_PROBLEM DETAILS_:
Please repeat the records below exactly, from the first line through the line containing "Colorful Tree Landscape", and nothing more.

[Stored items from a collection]
§ §

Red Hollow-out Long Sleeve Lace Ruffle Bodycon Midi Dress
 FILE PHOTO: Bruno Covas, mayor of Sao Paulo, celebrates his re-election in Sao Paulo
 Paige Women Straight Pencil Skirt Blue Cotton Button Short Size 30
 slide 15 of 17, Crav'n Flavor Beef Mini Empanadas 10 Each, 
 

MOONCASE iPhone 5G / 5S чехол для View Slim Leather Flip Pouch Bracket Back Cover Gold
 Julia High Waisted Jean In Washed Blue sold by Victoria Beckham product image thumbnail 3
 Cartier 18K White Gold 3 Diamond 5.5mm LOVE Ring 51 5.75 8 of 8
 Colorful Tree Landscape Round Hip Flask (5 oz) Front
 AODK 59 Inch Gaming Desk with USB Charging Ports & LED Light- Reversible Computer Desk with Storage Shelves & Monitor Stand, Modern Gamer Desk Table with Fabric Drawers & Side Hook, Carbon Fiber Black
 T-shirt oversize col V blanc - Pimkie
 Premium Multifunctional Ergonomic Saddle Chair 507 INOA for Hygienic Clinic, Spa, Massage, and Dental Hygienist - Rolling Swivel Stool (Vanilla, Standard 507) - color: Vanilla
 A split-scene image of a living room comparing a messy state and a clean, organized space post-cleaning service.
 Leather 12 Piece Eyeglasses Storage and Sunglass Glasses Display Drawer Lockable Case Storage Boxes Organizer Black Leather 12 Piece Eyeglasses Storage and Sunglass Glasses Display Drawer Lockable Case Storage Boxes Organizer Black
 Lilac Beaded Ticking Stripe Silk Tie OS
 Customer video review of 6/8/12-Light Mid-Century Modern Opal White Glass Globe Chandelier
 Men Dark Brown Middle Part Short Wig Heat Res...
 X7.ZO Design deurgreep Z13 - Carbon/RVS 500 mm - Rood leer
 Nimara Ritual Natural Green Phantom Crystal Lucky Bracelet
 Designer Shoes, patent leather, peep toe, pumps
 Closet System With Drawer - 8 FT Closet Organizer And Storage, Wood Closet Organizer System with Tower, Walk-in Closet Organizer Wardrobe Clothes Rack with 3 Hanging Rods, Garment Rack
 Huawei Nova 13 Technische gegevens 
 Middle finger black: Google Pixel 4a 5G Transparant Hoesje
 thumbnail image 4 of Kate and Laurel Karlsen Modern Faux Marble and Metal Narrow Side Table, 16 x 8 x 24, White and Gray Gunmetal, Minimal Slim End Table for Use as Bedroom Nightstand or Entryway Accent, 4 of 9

§ §

_RESPONSE TO THE TASK_:
Red Hollow-out Long Sleeve Lace Ruffle Bodycon Midi Dress
 FILE PHOTO: Bruno Covas, mayor of Sao Paulo, celebrates his re-election in Sao Paulo
 Paige Women Straight Pencil Skirt Blue Cotton Button Short Size 30
 slide 15 of 17, Crav'n Flavor Beef Mini Empanadas 10 Each, 
 

MOONCASE iPhone 5G / 5S чехол для View Slim Leather Flip Pouch Bracket Back Cover Gold
 Julia High Waisted Jean In Washed Blue sold by Victoria Beckham product image thumbnail 3
 Cartier 18K White Gold 3 Diamond 5.5mm LOVE Ring 51 5.75 8 of 8
 Colorful Tree Landscape Round Hip Flask (5 oz) Front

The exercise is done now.